L’histoire est issue d’une nouvelle quasi-autobiographique de Gueorgui Demidov écrite en 1969, saisie par le KGB en 1980, restituée en 1988 et publiée en 2009, bien après sa mort (1987). Elle raconte l’aventure du jeune Kornev diplômé depuis 3 mois et probablement nommé pour remplacer un autre procureur déplacé, arrêté ou exécuté lui aussi. Demidov a passé quatorze ans au Goulag après avoir été arrêté en 1938, et le présent récit qui se terminera par l’arrestation de Kornev se situe en 1937, le pire moment des Purges, ce moment choisi aussi par Natalia Merkoulova et Alexeï Tchoupov pour leur film Le capitaine Volkonogov s’est échappé (2021), dont l’aboutissement est à la fois analogue et différent. Alors qu’en principe toutes les lettres de protestation des emprisonnés ou des condamnés étaient détruites, l’une d’entre elles (écrite en lettres de sang sur un morceau de carton froissé) arrive on ne sait comment à Kornev (peut-être, déjà, une manipulation, qui sait ?). Non sans mal, Kornev réussit à être conduit dans la cellule du détenu, un vieillard nommé Stepniak qui se trouve être un ancien dirigeant du Parti, torturé et accusé à tort, qu’il avait autrefois entendu lors d’une conférence sur la philosophie du droit. Ce Stepniak est convaincant pour Kornev car il n’a pas d’autre vocabulaire ni d’autre idéologie que celle du Parti communiste : il explique simplement que le NKVD (Commissariat du peuple aux affaires intérieures) a trahi la cause, et que le pouvoir en place démantèle les vieux idéaux auxquels il est toujours attaché. Voilà un discours qui plait à Kornev car il confirme ce qu’il savait déjà : la corruption et le caractère contre-révolutionnaire des édiles de sa région, à Briansk. À ce stade on n’est pas sorti du système. Bien que Kornev soit chargé le respect de la loi et des droits des détenus, et bien que manifestement ces droits soient bafoués, il pense toujours que la justice est du côté des autorités et qu’il suffira de les éclairer pour faire changer les choses.

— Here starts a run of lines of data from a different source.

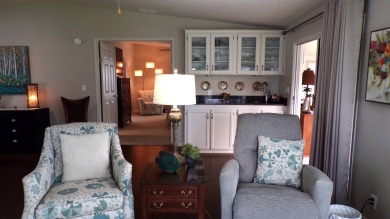 When entering this gorgeous 2-bedroom, 2-bath Palm Harbor Home on Schalamar Creek Golf and Country Club in Florida - for sale on GolfHomes.com, golf home, golf lot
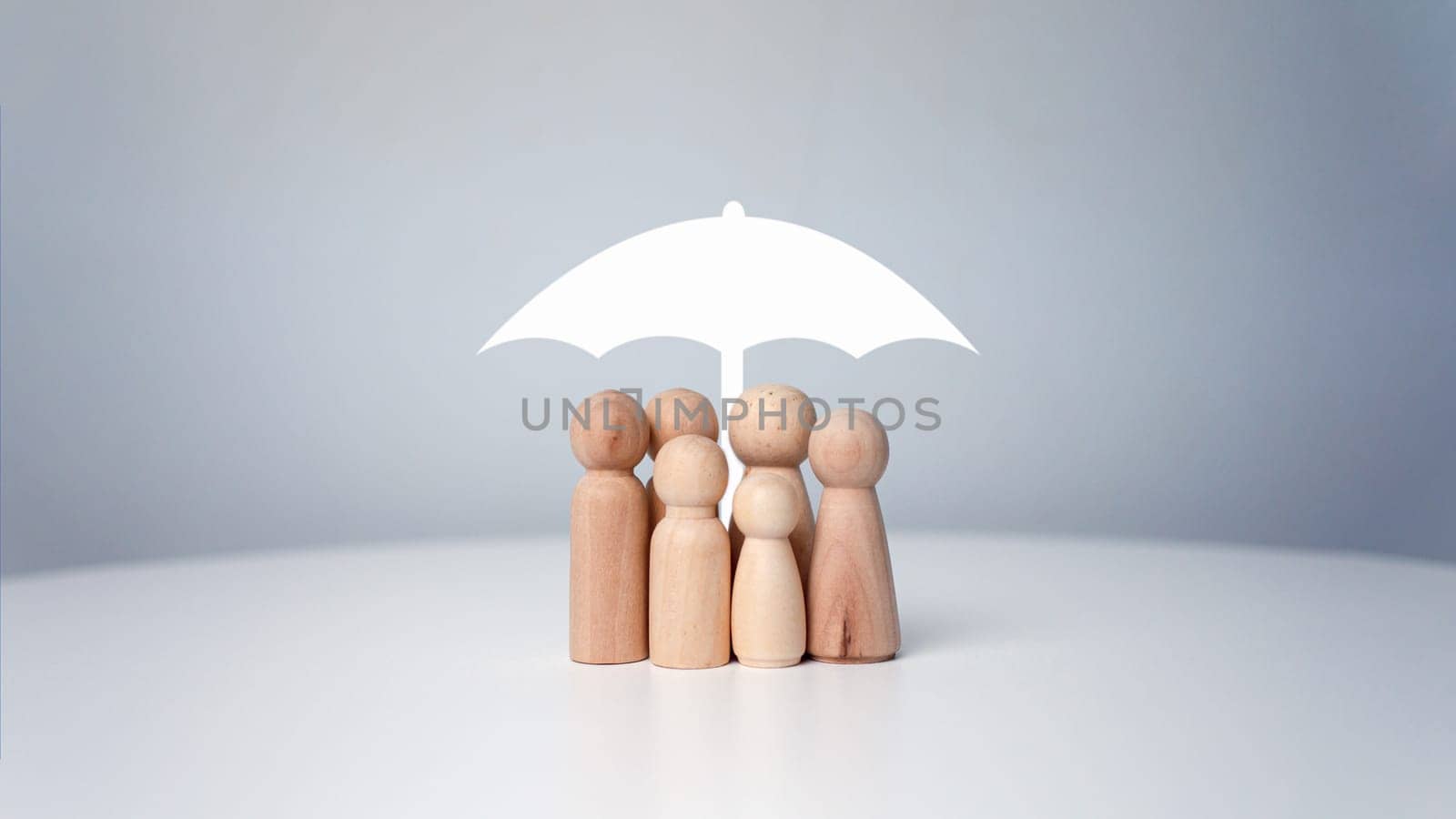 Protect and care for your family, umbrella above a family cover and shelter wooden people, security, protection, Finance or insurance concept, People lifestyles and Relationships in love concept.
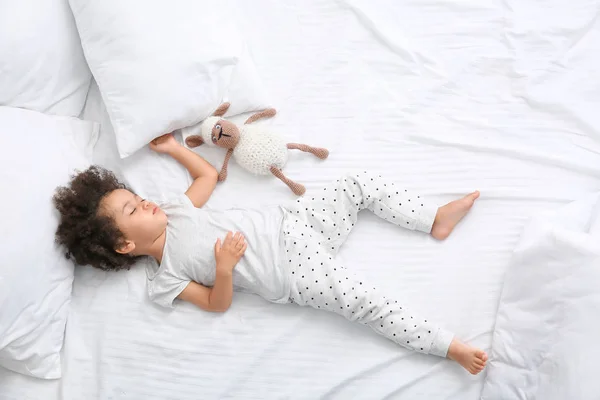 Μικρό Αφροαμερικανό κορίτσι με παιχνίδι που κοιμάται στο κρεβάτι — Φωτογραφία Αρχείου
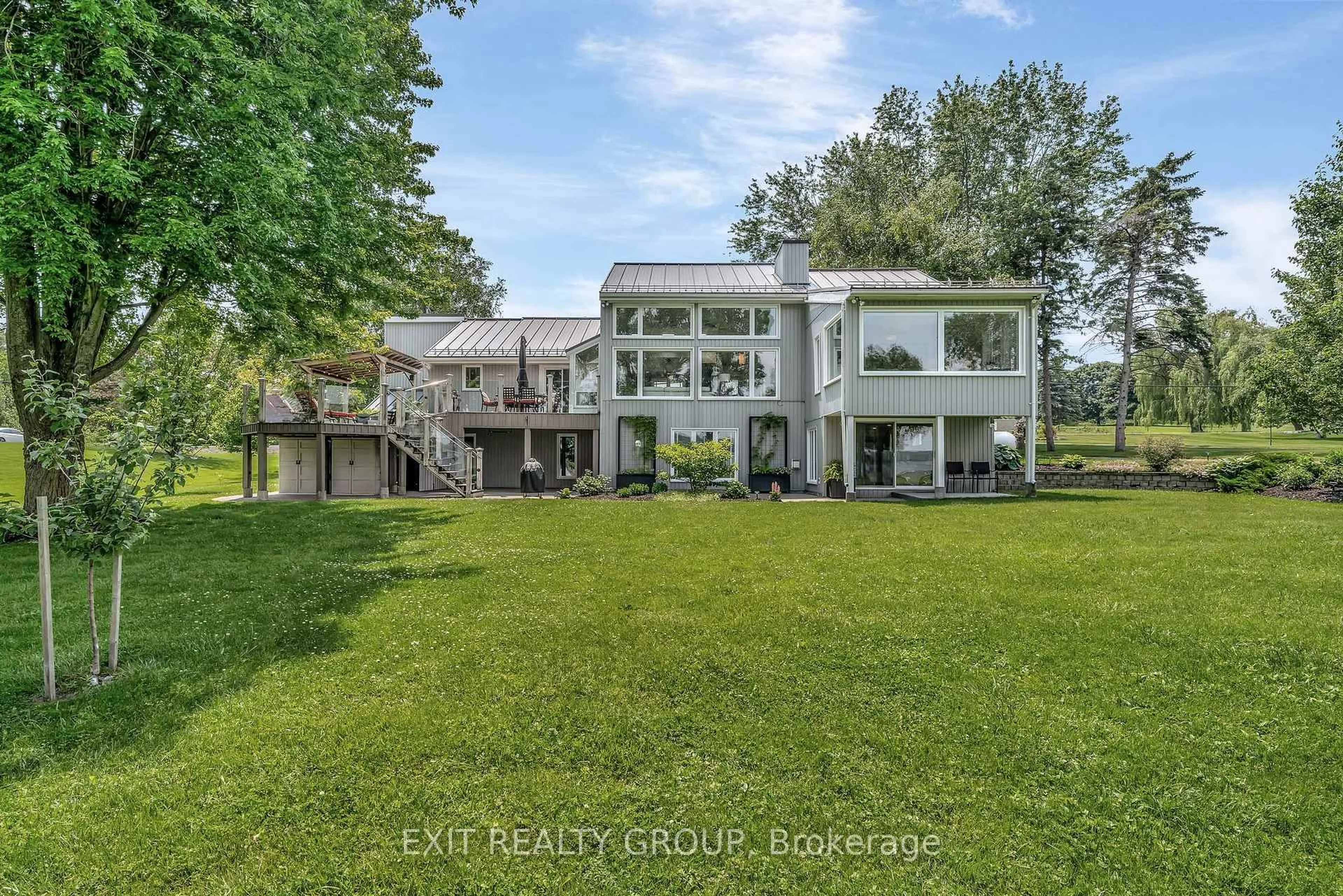 A pic from outside/outdoor area/front of a property/back of a property/a pic from drone, water/lake/river/ocean view for 652 County Rd 3, Prince Edward County Ontario K8N 4Z1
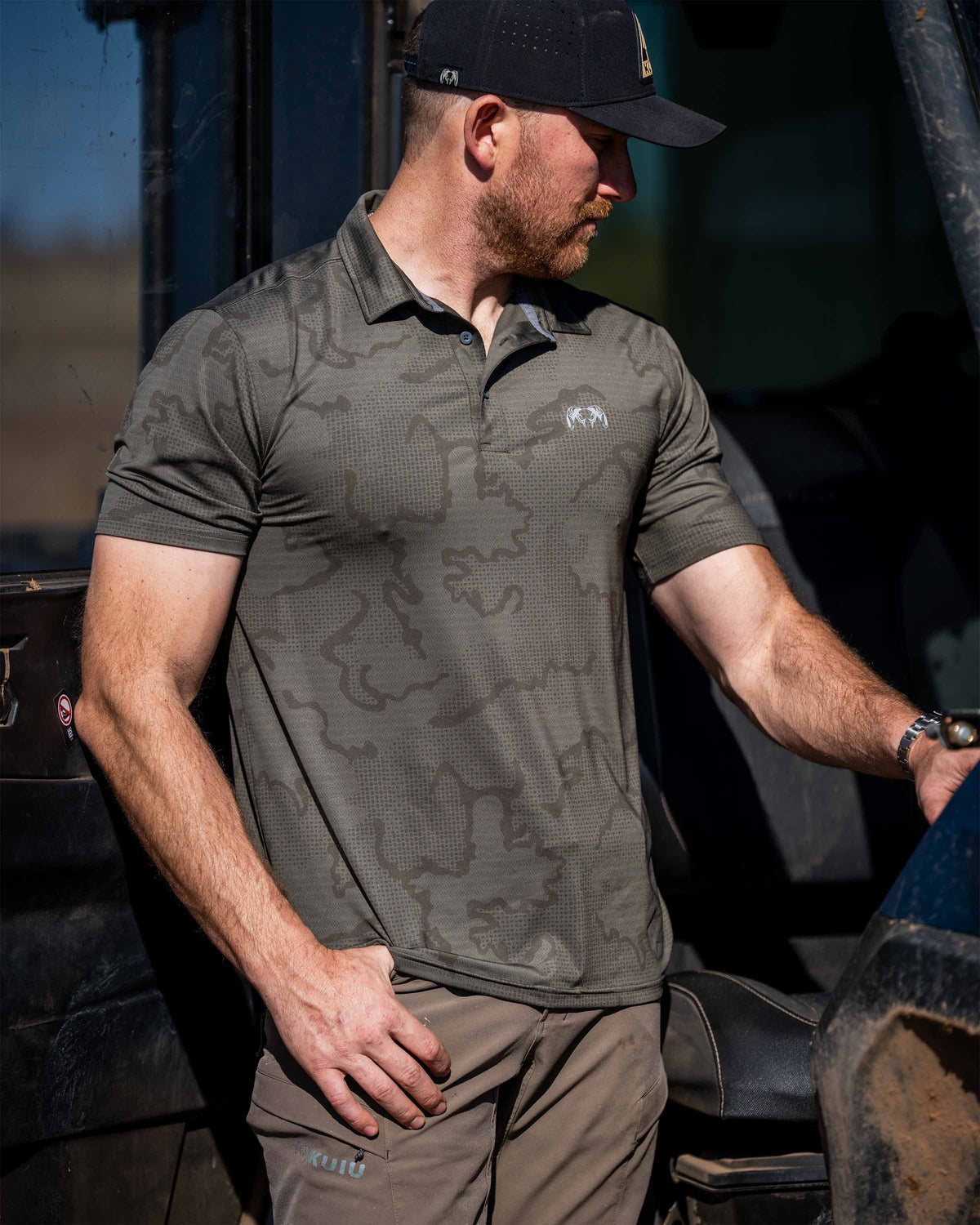 Man is standing next to a working truck, wearing KUIU Performance Polo in Ash Brown Tonal.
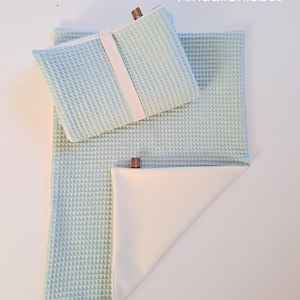 Könnte beinhalten: Ein Set aus hellblauem Waffelstoff, bestehend aus einer rechteckigen Decke und einem kleineren quadratischen Artikel, möglicherweise ein Kissen oder eine Unterlage. Ein weißes Band sichert den kleineren Artikel. Der Text "Kindallerliebst" ist oben rechts sichtbar.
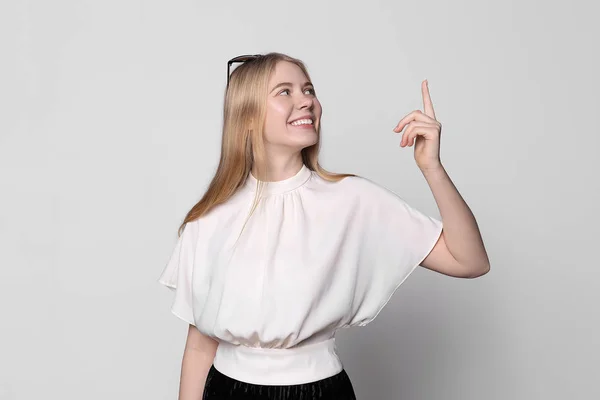 Молодая симпатичная улыбающаяся блондинка в черной юбке на белом фоне показывает пальцем вверх. Место для текста, копирайт — стоковое фото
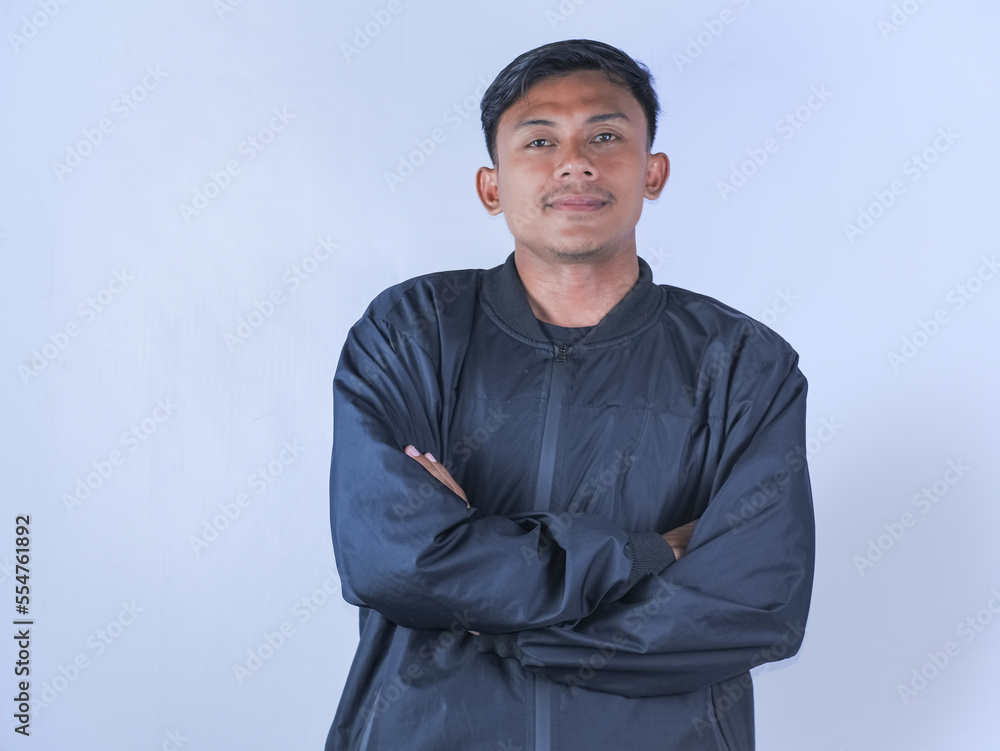 Confident person. Portrait of smiling asian man with folded arms looking at camera, wearing white shirt, posing isolated over orange studio background. Happy casual teenage male model laughing Confident person. Portrait of smiling asian man with folded arms looking at camera, wearing white shirt, posing isolated over orange studio background. Happy casual teenage male model laughing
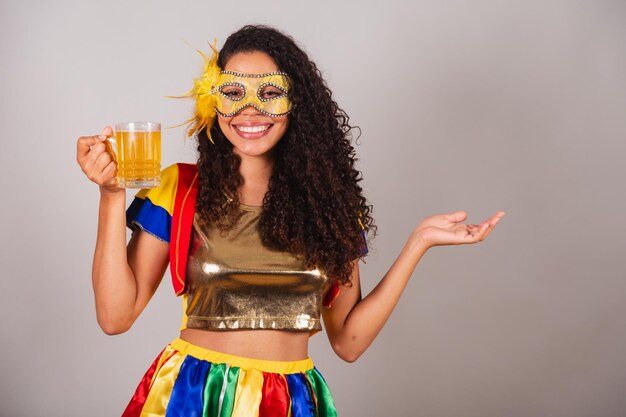 Beautiful black Brazilian woman with frevo clothes carnival wearing a mask dancing with a glass of beer partying in a bar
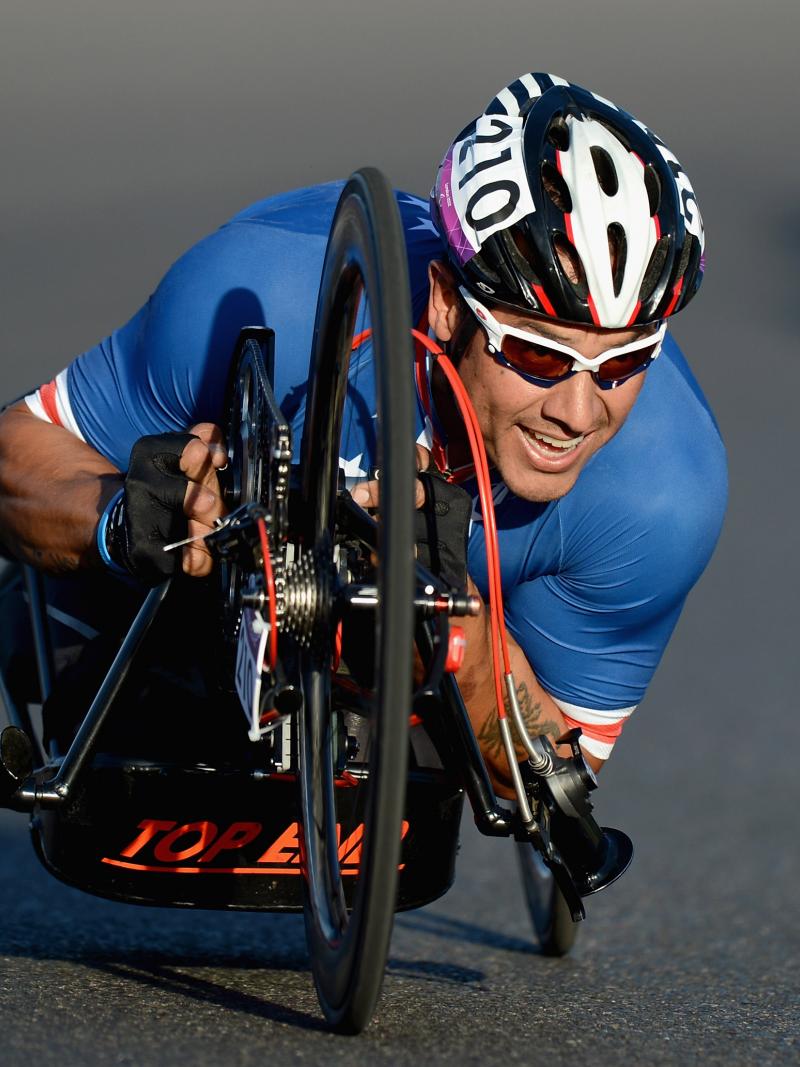 Close shot of US Para cyclist Oz Sanchez as he makes a turn on his handcycle while wearing Team USA gear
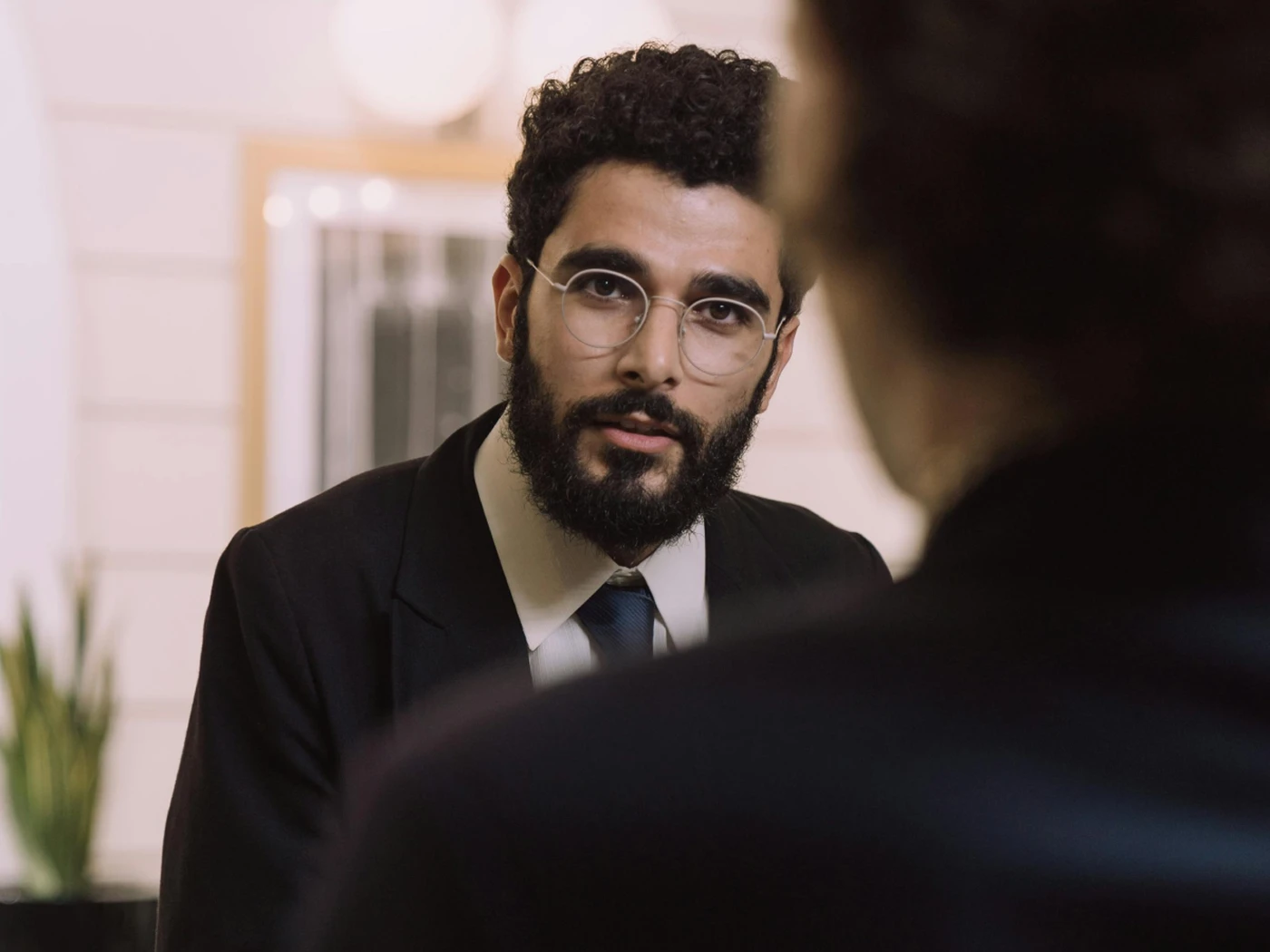 Receptionist talking to guest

Le personnage positif, sympathique, l’honnête Kornev est avant tout un rouage du système. Alors que les gardiens et le directeur de la prison ne font qu’obéir sans jamais prendre au sérieux le discours des puissants, Kornev est prêt à se sacrifier pour qu’enfin la justice prévale, une justice qui selon lui ne peut pas être dissociée de la légalité qu’il représente. Mais le pays, dans sa profondeur, fonctionne différemment. Il ne s’attaque pas frontalement au pouvoir politique, mais résiste avec passivité. Le directeur et son adjoint se moquent de Kornev. Le personnel croisé dans la prison l’observe avec mépris, se demandant s’il est plus fou que naïf. C’est également la position du procureur général Andreï Vychinski qui finit par accepter de le recevoir à Moscou et de ses agents qui l’accompagnent dans le train jusqu’à Briansk. Mis à part Kornev et Stepniak, les personnages du film ne croient pas au discours officiel. Servir le système est une chose, y croire en est une autre, et quelle que soit leur place dans la hiérarchie, les serviteurs de l’État se gardent bien de franchir la frontière – question de santé mentale.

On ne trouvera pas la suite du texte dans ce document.